## Assigned task
Would you please repeat, word for word, only the lines from the one holding "Aus Tasse Kaffeebohnen" through the one holding "Nirantara Round Yellow" in the material below, without the pictures?

## Available records
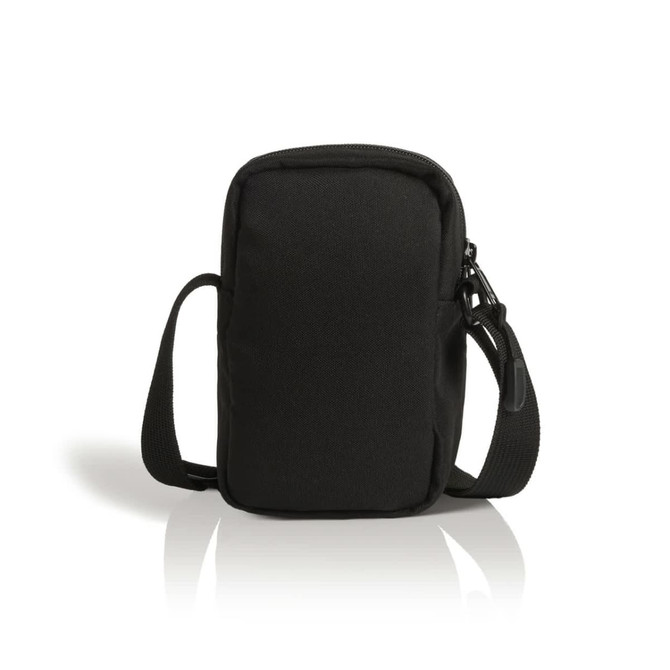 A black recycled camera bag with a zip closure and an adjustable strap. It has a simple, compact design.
==
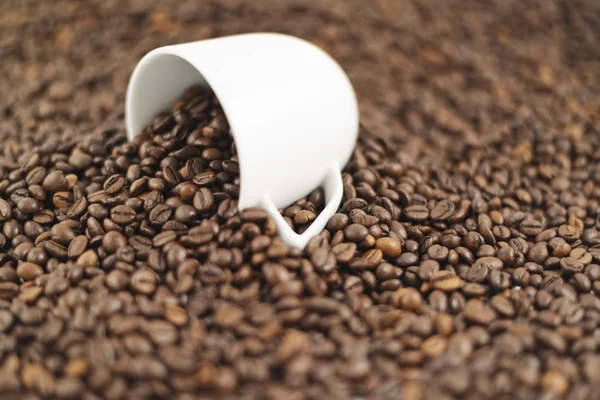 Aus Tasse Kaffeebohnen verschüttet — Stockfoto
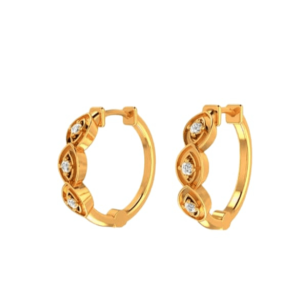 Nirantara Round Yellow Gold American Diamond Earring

## Problem solution
 Aus Tasse Kaffeebohnen verschüttet — Stockfoto
 Nirantara Round Yellow Gold American Diamond Earring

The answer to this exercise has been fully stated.